Qwen3.6-27B beats Qwen3.5-397B on coding and ships under Apache 2.0
Original: Qwen pushed Qwen3.6-27B as an Apache 2.0 open-weight dense model that beats its 397B predecessor on coding benchmarks View original →
What the tweet revealed
Qwen used a classic open-model provocation for this launch: Qwen3.6-27B surpasses Qwen3.5-397B-A17B across all major coding benchmarks and supports thinking & non-thinking modes. The post also stressed that the model is dense, open-source, and released under Apache 2.0, which is a big part of the commercial story around the Qwen line.
The Qwen account usually posts first-party model releases and ecosystem links, and this tweet follows that pattern closely. What makes it material is the specific comparison class. Qwen is not only saying the model is strong for its size. It is claiming a 27B dense model now beats a prior 397B-class family member across major coding benchmarks.

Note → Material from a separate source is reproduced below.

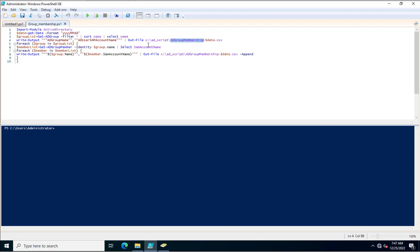This file will be created as per the current date through this date variable, and will be saved inside C:\ad_script. You can change the output path as per your requirement. I am exporting this file as a CSV, so this uses the .csv extension.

What the public model card adds
The Hugging Face README is much more useful than the tweet alone. It describes Qwen3.6-27B as the first open-weight variant of Qwen3.6, built around stability and real-world utility, with native context length of 262,144 tokens and a “thinking preservation” feature that retains reasoning context across message history. The card confirms Apache 2.0 licensing and then provides the actual benchmark grid.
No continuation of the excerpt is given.